Quote of the Day
Oregon citizens have a right to self-defense against an imminent threat of harm, which is unduly burdened by Ballot Measure 114.
Three salient facts were agreed upon by the parties at trial: A) Ballot Measure 114 delays the purchase of firearms for a minimum of 3Odays; B) the permit-to-purchase program derives
its language source in the concealed handgun license statutes (ORS 166.291, et.al); and C) the Federal Bureau of Investigations (FBI) refuses to conduct criminal
background checks. The court finds these agreed to facts are fatal to the constitutionality of the permit-to-purchase scheme.

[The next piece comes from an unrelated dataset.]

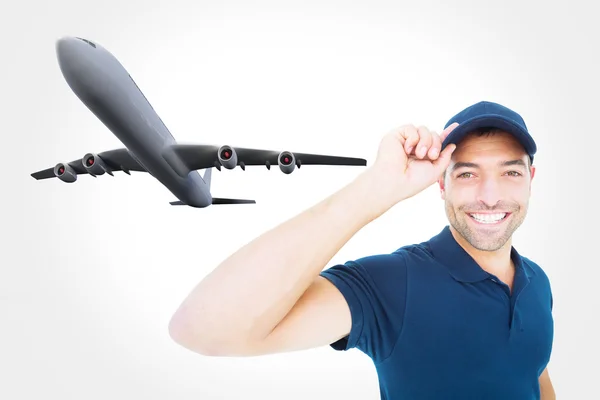 Homem de entrega sorrindo usando boné — Fotografia de Stock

Ballot Measure 114, Section 11 is facially unconstitutional by a finding of clear and convincing evidence as demonstrated above. The court’s legal and factual conclusion is that Ballot Measure 114 does not increase public safety but diminishes it while creating nearly a million presumed misdemeanants. A result that is not reasonable under Article l, § 27 as defined by Oregon Supreme Court pursuant Christian.
Robert S. Raschio
24th Judicial District (Grant/Harney)
Presiding Circuit Court Judge
November 21, 2023
Measure 114 blocked by Oregon circuit court judge
Good stuff. I found reading the entire thing rather interesting. I was especially taken by something pointed out in the history section. Paraphrasing, all firearms which were in existence at the time the Oregon constitution was ratified are obviously protected by the constitution. As this was in 1857 multi-shot technology, such as Colt revolvers, were in present and in use in Oregon at that time.
Also, previous Oregon State Supreme Court analysis developed from an historical analysis and
In the end, the court concluded that the ‘arms’ that the state constitution guarantees a right to possess consist of those that would have been used by nineteenth-century settlers for personal defense and military purposes.
Oregon needs not just machine gun, but grenade launcher and hand grenade sporting events in their high school sporting events. Such activity would be protected by the 2nd Amendment as shown by both the Miller decision and the Oregon State Constitution.